Favignana. Pietra calcarea incastonata nello scrigno di due mari che qui rimescolano le loro acque di smeraldo e lapislazzulo. Pietra bianca, che nel fulgore dell’estate diventa abbacinante, ardente di sole, sfolgorante di sale che secoli di mareggiate hanno cristallizzato sugli scogli. Solo il grigio vibrante della posidonia, che ammanta le coste diseguali come il vello di una bestia mitologica, dissimula quel chiarore, e il verde chiaro dei ligustri, del lentisco, quello più cupo dei pini marittimi. Aloe e altre piante grasse gonfiano al sole i loro fiori carnosi, contorcendosi in evoluzioni acrobatiche per abbarbicarsi a questa terra dura, scabrosa, schiacciata tra mare e cielo come un dono degli dei, o una loro distrazione. Ma se poi ti immergi nelle onde che circondano l’isola, mordendone ogni lato, strappando secolo dopo secoli brandelli di roccia, ti si rivelerà un paesaggio completamente diverso. Nessuna distrazione, nessun capriccio divino. Favignana è un dono d’inestimabile bellezza, e basta tuffarsi nelle sue acque cristalline per sentirsi parte del suo mistero, del suo miracolo. Prima ti attira coi suoi colori, il tesoro disciolto di un pirata, zaffiro, acquamarina, calcedonia, turchese, tormalina, crisoprasio, screziati dal candore immacolato della sabbia. Acqua limpida, trasparente, che rivela fondali rocciosi, brulicanti di una vita instancabile, di vegetazione talassica che compensa, nella sua abbondanza, quella spoglia e riarsa della terraferma.

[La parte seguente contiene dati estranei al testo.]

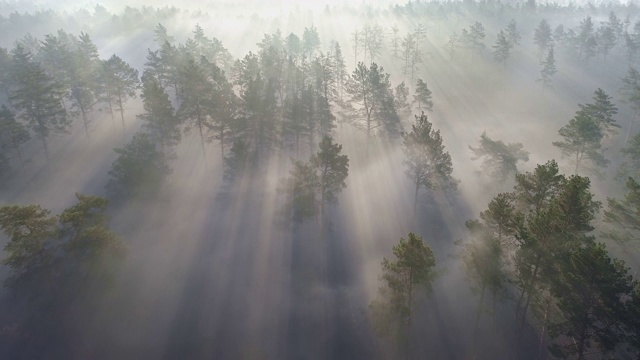 在日出时飞过雾气蒙蒙的松林。阳光在清新的早晨穿过树木。一直到地平线都有神奇的雾。空中射击,4 k视频下载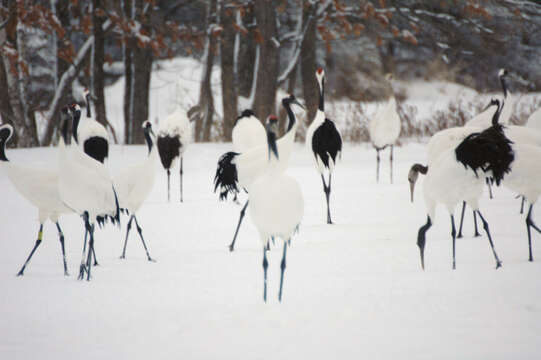 Image of Japanese Crane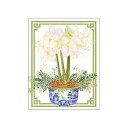 Caspari 鉢植えアマリリス ギフト封入カード 金箔 - 20枚 封筒付き Caspari Potted Amaryllis Gift Enclosure ...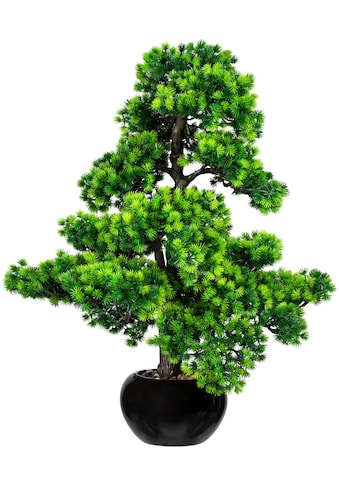 Creativ green Kunstbonsai »Bonsai Lärche«, (1 St.), im Keramiktopf kaufen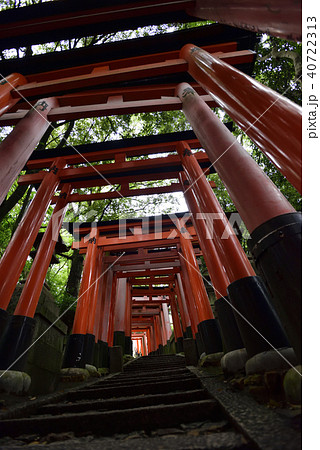 伏見稲荷大社　稲荷山鳥居群 40722313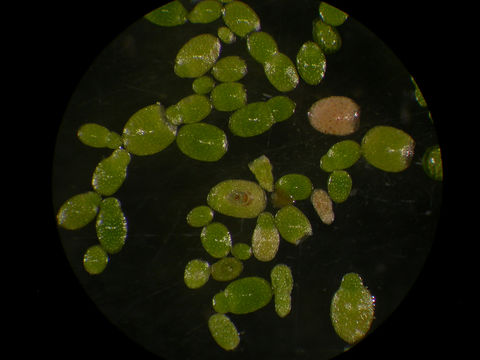 Image of Brazilian water meal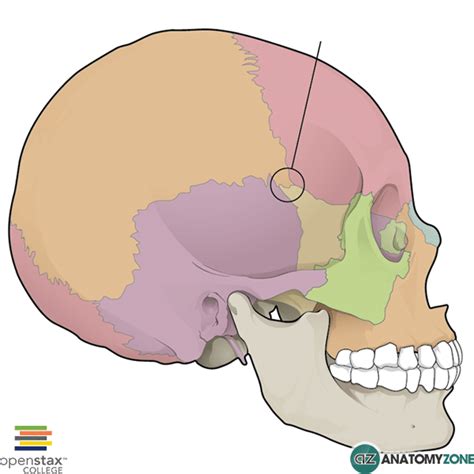 Pterion - AnatomyZone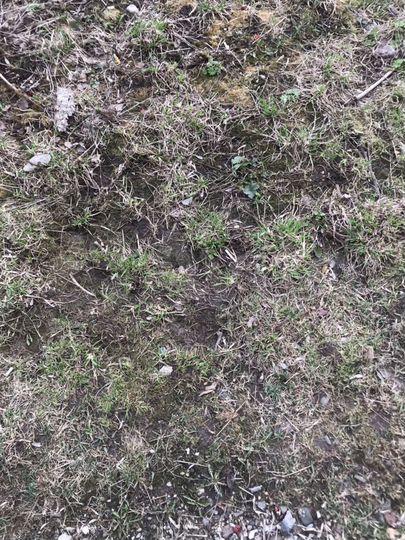 Участок 13 сот. (ИЖС)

sciami di pesci, timidi alcuni, più arditi altri, affatto disturbati dagli umani curiosi che invadono il loro mondo

Rose e margherite di mare fioriscono sulle rocce sommerse, fiori incantevoli e fragili cullati dalle correnti tiepide, baciati dai raggi del sole attraverso l’acqua cristallina. Se ti immergi e apri gli occhi ti ritroverai a volare su praterie di posidonia e cystoseira che ondeggiano in un moto perpetuo, cymodocea nodosa con foglie simili a nastri di sirena che fluttuano leggiadri, ventagli di padina pavonia che si aprono e si chiudono assecondando il moto ondoso. In questa flora rigogliosa nuotano sciami di pesci, timidi alcuni, più arditi altri, affatto disturbati dagli umani curiosi che invadono il loro mondo. Anzi, alcuni saranno così sfacciati da avvicinarsi e magari mordicchiare gli invasori con minuscoli baci formicolanti. Puoi seguire i loro percorsi ondivaghi, la scia delle loro code argentee, unirti ai nugoli di pesci azzurri che, a volte, t’investono come un baleno splendente, invitandoti a nuotare con loro. Nuotare. Nuotare e volare, in quest’acqua salata che ti sostiene, le braccia come ali spalancate, mentre ti lasci cullare da correnti amiche, senza peso, senza memoria, come se anche tu non fossi che un fiore marino, un cristallo di sale, un frammento iridescente e prezioso di questo mondo variegato e unico. La bellezza di questo mare è nel suo essere, allo stesso tempo, selvaggio e accogliente. La sua bellezza incorrotta, il suo incanto vergine, non lo rende minaccioso per chi vi si immerge. Anzi, è in qualche modo ospitale, quasi accudente, ti avvolge e ti conforta e ti fa sentire parte della sua bellezza, dell’eterno perpetrarsi del suo miracolo.

Lascia che il mare ti sostenga nel suo possente abbraccio, mentre il sole ti riscalda rendendo la tua pelle splendente come quella dei pesci che ti sfiorano con la loro danza. Consenti all’acqua limpida di entrarti dentro, lavando via affanni e cattivi pensieri, togliendo peso e importanza a ciò che, fino a ieri, sembrava inaffrontabile, insostenibile. Rimani così, tra cielo e terra, come una distrazione, un capriccio divino, ma quanto sanno essere dolci i capricci degli dei, in luoghi come questo!